Политика, как таковая, — явление глубоко безнравственное, считал Василий Васильевич, утверждавший, что в основе государства должно лежать начало человеческое и, стало быть, нравственное. «Дайте мне семью — и я дам вам цивилизацию; дайте дьяволу в цивилизации проткнуть гнилой палкой семью — и цивилизация рухнет как мертвец»[688], — писал он еще в 1898 году С. А. Рачинскому.

«Что ценили в Столыпине? — вопрошает Розанов в последней статье о нем. — Я думаю, не программу, а человека; вот этого „воина“, вставшего на защиту, в сущности, Руси». Революция при нем стала одолеваться морально в мнении и сознании всего общества. И достигнуто было это не искусством его, считает Розанов, а тем, что «он был вполне порядочный человек».

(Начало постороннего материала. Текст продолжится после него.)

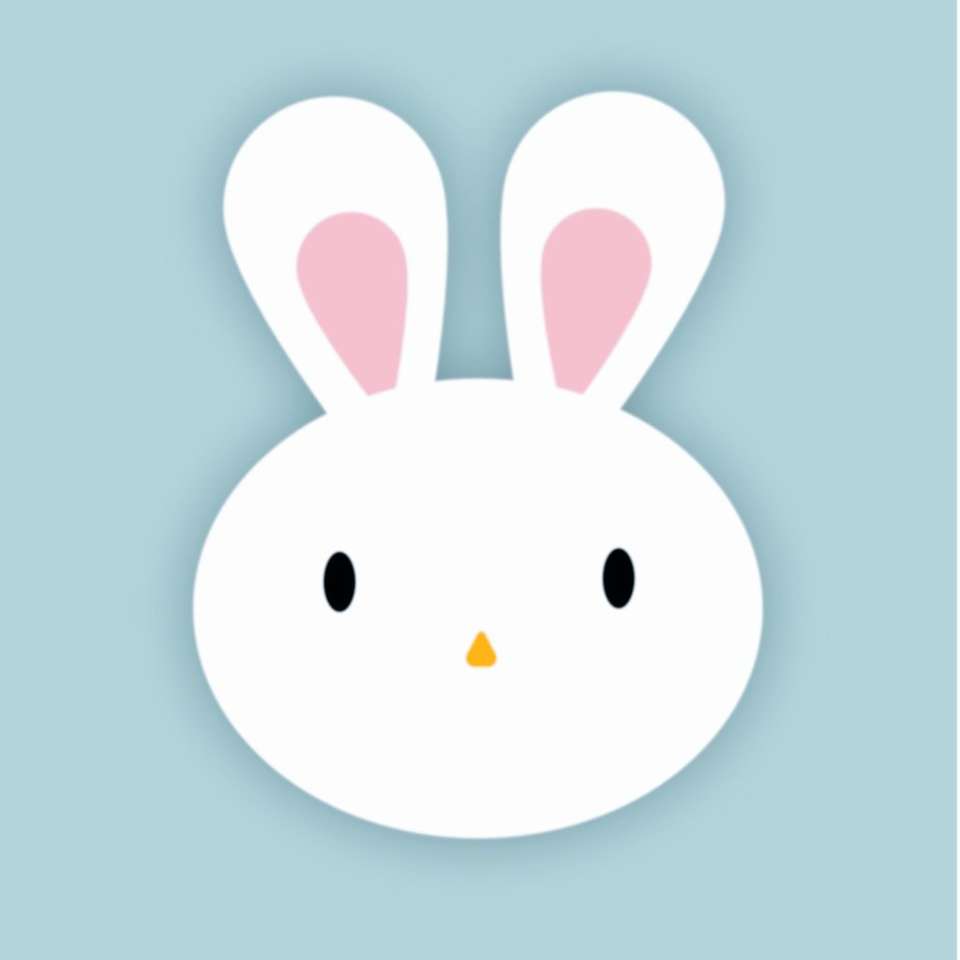 Cute Bunny puzzle online from photo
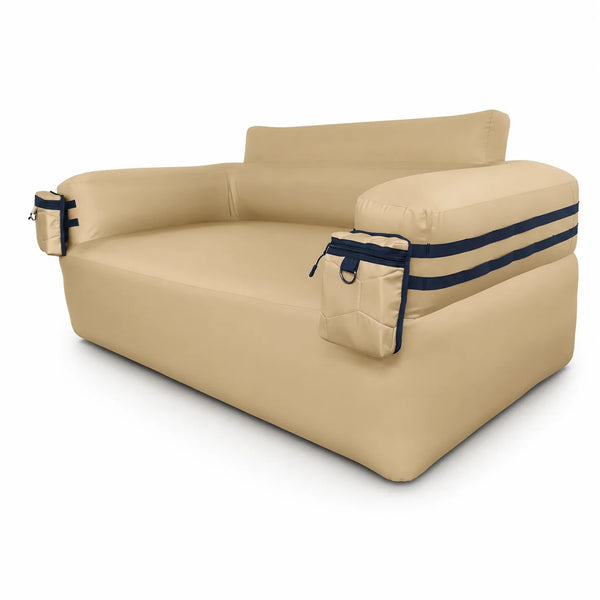 Custom Outdoor Automatic Inflatable Sofa Tactical Modern Single/Double Person Lounge Chair Foldable Waterproof Portable Air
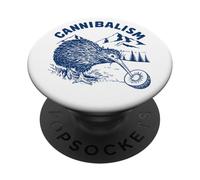 Kiwi Bird Canibalism, Funny New Zealand Bird Watching PopSockets PopGrip Adhesivo
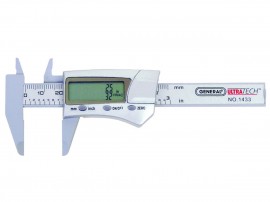 General Tools 1433 3" Carbon Fiber Digital Caliper with included battery-
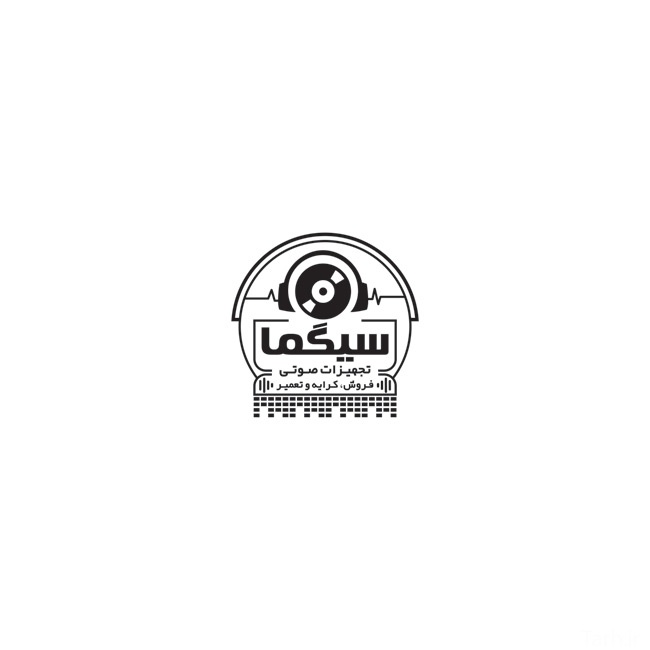 (1)طرح آماده مهر لیزری تجهیزات صوتی دارای وکتور هدفون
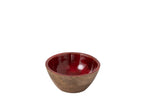 J-Line Kom - mangohout - donkerrood/naturel - small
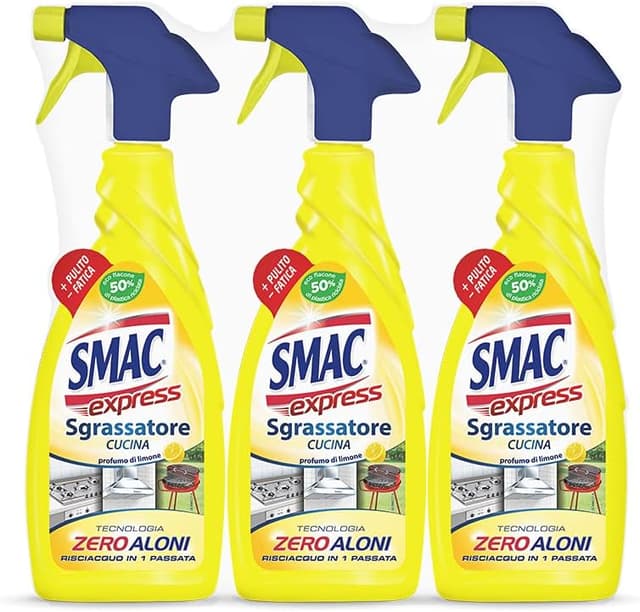 Thumbnail 6 de Smac Sgrassatore Cucina al Limone spray multisuperficie con tecnologia Zero Aloni, 650 ml (12 pezzi)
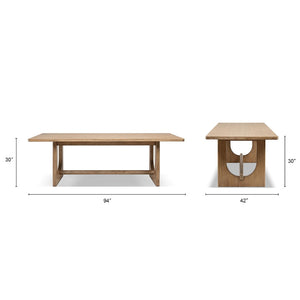 English Elm Turnkey Reclaimed Pine Farmhouse Dining Table Seats Ten with Sculptural Base B2719P509069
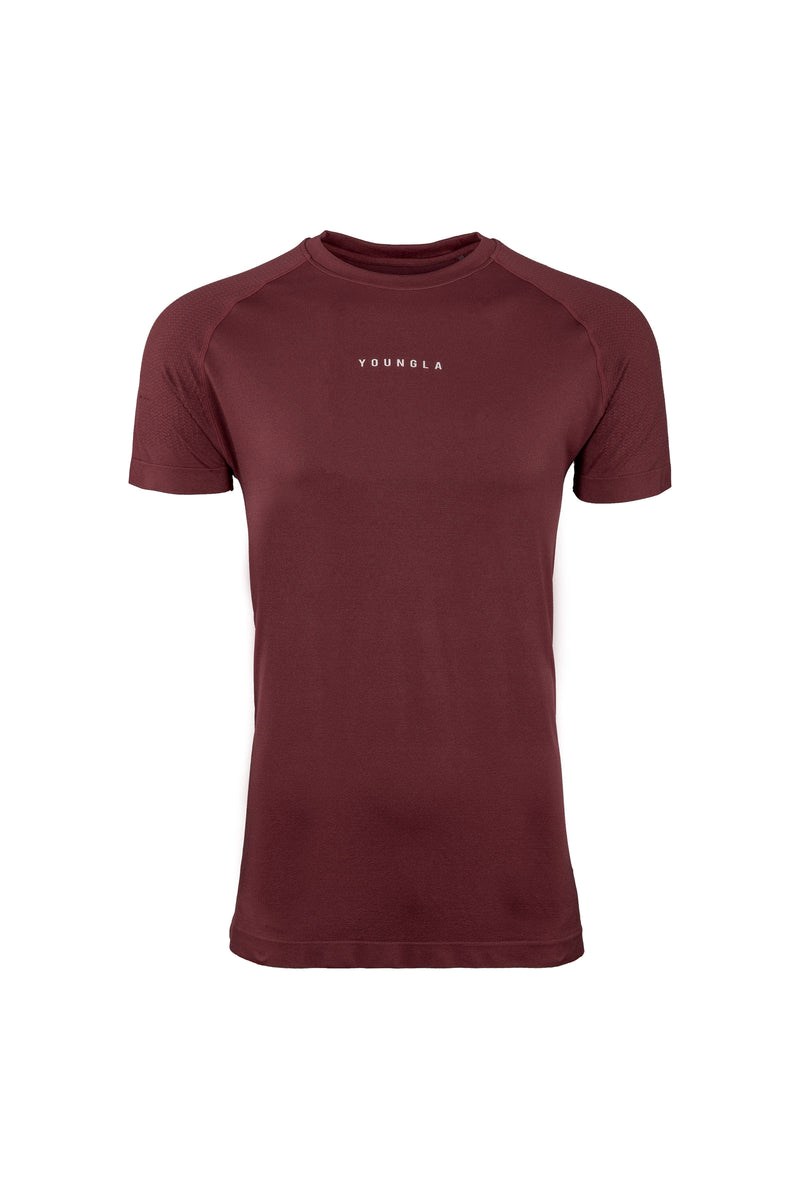 YoungLA 454 New Gen Compression Tee Marooned | 195-MGSOUF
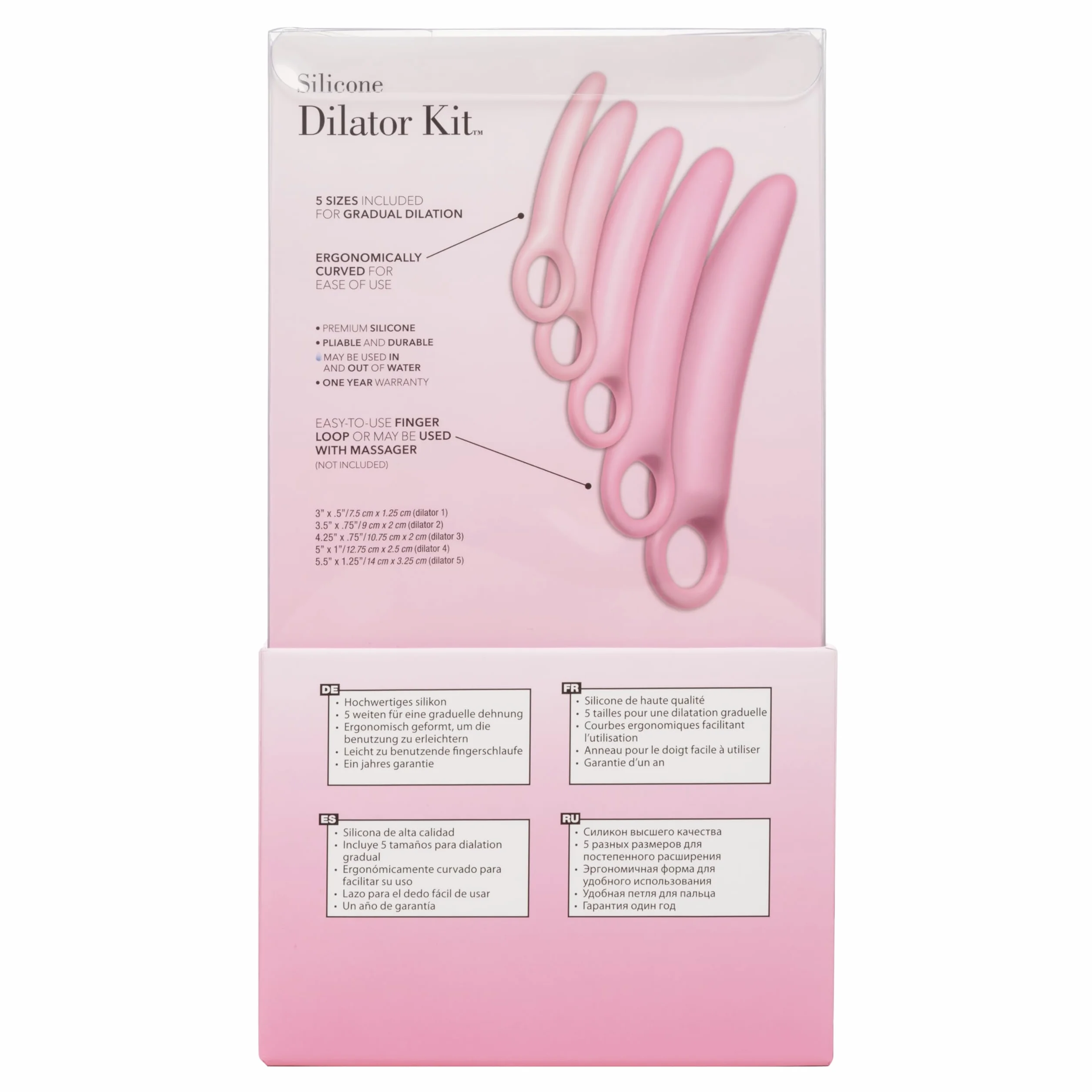 Inspire Sex Toys Silicone Dilator 5 Pcs Set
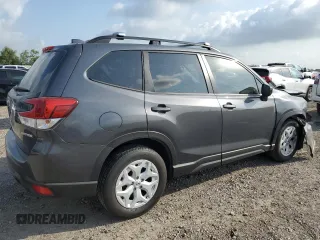 2021 Subaru Forester with VIN JF2SKADC4MH593982, listed as a Copart auction lot 55418575 with 57,706 mi miles and Salvage title. Bid and sale history available at DreamBid. Image 3.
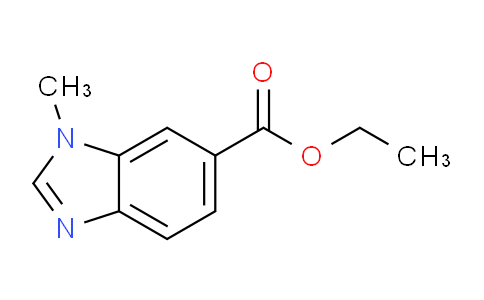 CAS No. 53484-20-1, 1H-Benzimidazole-6-carboxylic acid,1-methyl-, ethyl ester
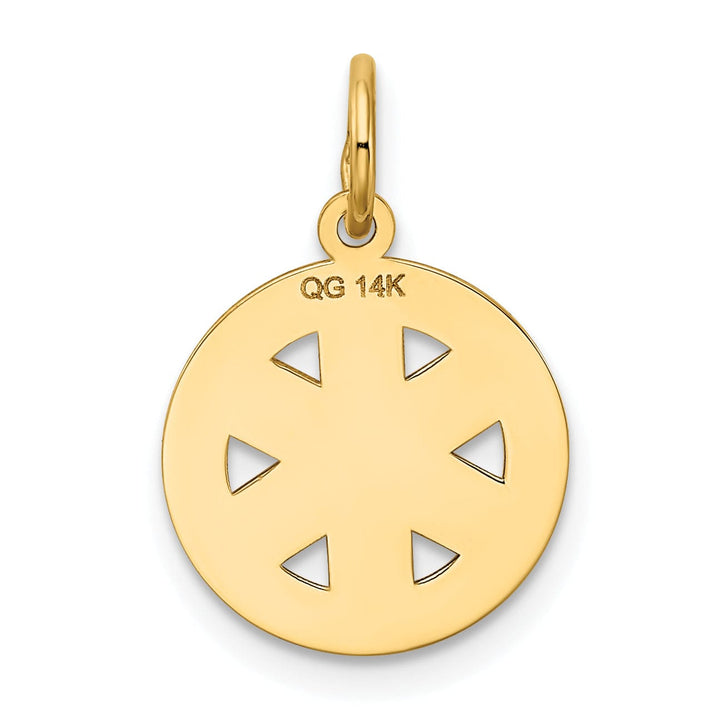 14k Yellow Gold Small E.M.T Medical Pendant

Столыпин показал единственный возможный в России путь парламентаризма. Он указал, что «если парламентаризм будет у нас выражением народного духа и народного образа, то против него не найдется сильного протеста, и даже он станет многим и наконец всем дорог. Это — первое условие: народность его. Второе: парламентаризм должен вести постоянно вперед, он должен быть постоянным улучшением страны и всех дел в ней»[689].